Denis Johnson had no easy task in following up his sprawling, National Book Award-winning Vietnam epicTree of Smoke. But the same could have been said about his story collection Jesus’ Son, a bona fide American classic that has inspired more young fictioneers than any other book since On the Road.He has, to date, written 10 works of fiction, several poetry collections, and even a play.
Nobody Move appears to take its title from the reggae song Nobody Move, Nobody Get Hurt by Yellowman. That’s an unlikely soundtrack to a story about a barbershop harmony singer named Jimmy Luntz who has run up too many gambling debts and gets taken for a ride through south-central California by a thug named Gambol. Instead of accepting the beating he deserves, Luntz shoots Gambol in the leg and spends the rest of the book on the run. Along the way, he meets a beautiful woman named Anita, who has her own share of problems. She’s a hard drinker involved in a scheme to steal several million dollars. She and Luntz make a good team.
Gambol recovers from his gunshot with the help of Mary, the ex-wife of his boss, Juarez. Mary is an Army vet with a habit of stealing medical supplies.

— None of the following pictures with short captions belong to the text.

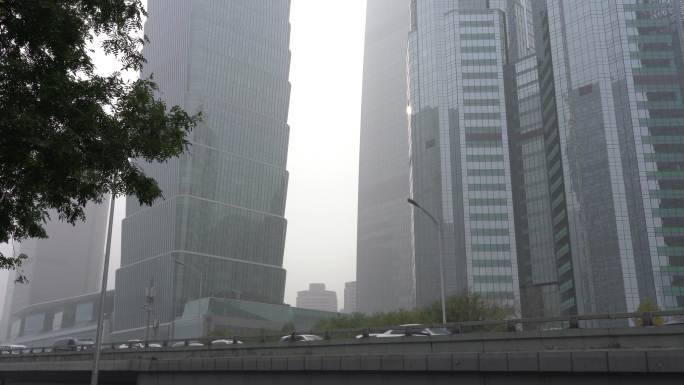 4K北京城市国贸cbd大雾雾霾04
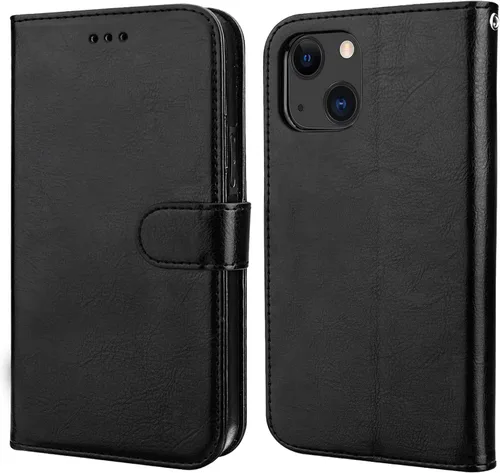 Vista 3 de Bocasal Funda tipo cartera desmontable para iPhone 13 con bloqueo RFID, ranuras para tarjetas, soporte de piel sintética de alta calidad, soporte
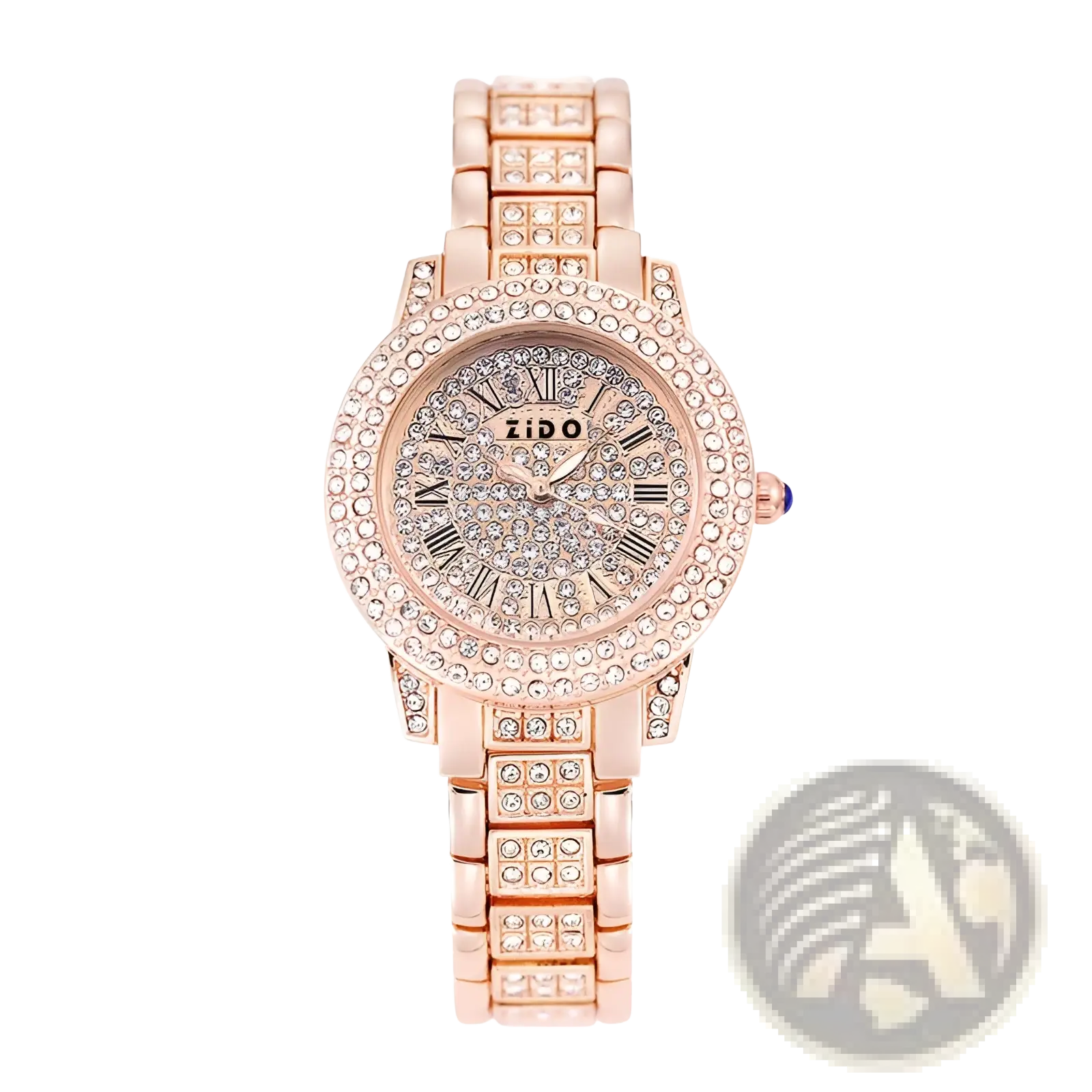 Rose gold Zido women’s quartz watch with a diamond-studded face and bracelet showcasing luxurious elegance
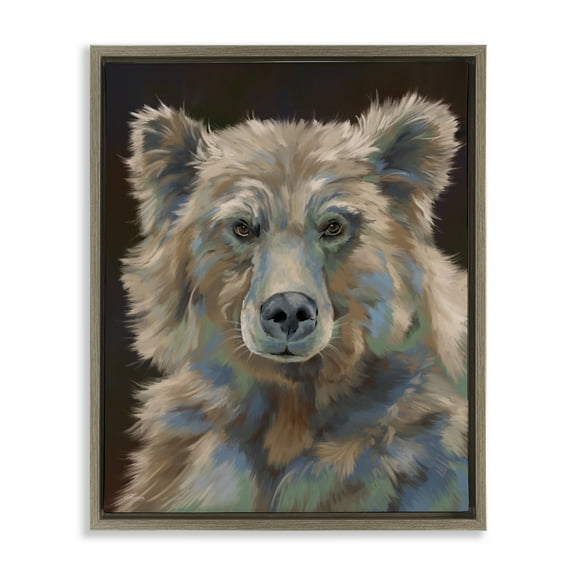 Stupell Industries Fluffy Bear Portrait Animals & Insects Painting Brown Floater Framed Canvas Art Print Wall Art, 17 x 21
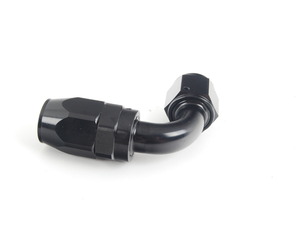 90° -10 AN Tube Fitting - Reusable Swivel To AN Female - Black Anodized
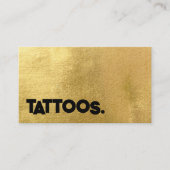 Tattoo Artist Tattooist Simple Gold Metalic 名刺 (正面)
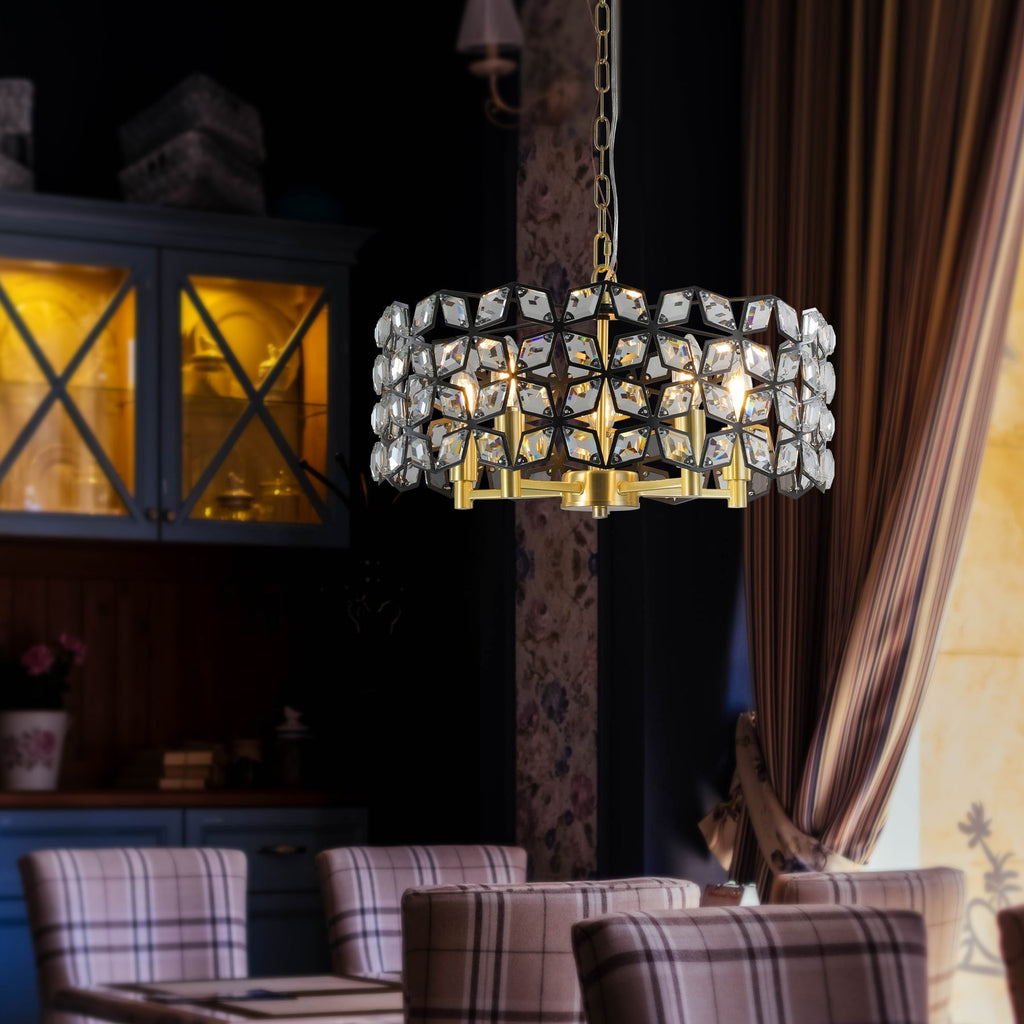 Modern K9 Crystal Geometric Chandelier | 5-Light Black & Gold Round Pendant Light — 19"–39" Adjustable, Dining Room, Living Room & Bedroom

Her care for Gambol involves all of the therapeutic exercises you might expect from a story that originally appeared in Playboy magazine. In many ways, these are all classic Denis Johnson characters.
Many of Johnson’s books appear to inhabit the same universe, as if each title is another piece in an enormous jigsaw puzzle, the subject of which — maybe the effects of war on the home front? — is still taking shape. Longtime admirers of Johnson’s work, who tend to be somewhat obsessive, will spot a few themes that placeNobody Moves squarely in that context. It is set after 9/11, and the Gulf Wars exist in the story’s subtext. Gambol, who is of the mind to nuke ”that whole Muslim desert to glass,” becomes distraught when he learns that Juarez might be of Middle Eastern descent.
Little of the snappy dialogue can be quoted at length in a family newspaper. And given the spare, made-for-glossy-serialization tone of the book, Johnson’s poetic range doesn’t find its fullest expression, but there are the occasional passages of utterly perfect prose. “Luntz’s vision turned a brilliant brown, then a mellow purple, then a beautiful color he’d never seen before in which he had everything he needed and all the time in the world to decide what came next. He gripped the wrists of the hands that were choking him and removed the hands as easily as if he were taking off a sports jacket.”
Even if Nobody Moves lacks the obvious gravitas and emotional resonance of Johnson’s best books, its hardboiled, tough-as-railroad-spikes tone is likely to find an enormous audience. It reads like a Coen Brothers movie waiting to happen, a cross between Blood Simple and No Country for Old Men. There’s certainly enough going on here to feed the jones of Johnson’s legion devotees.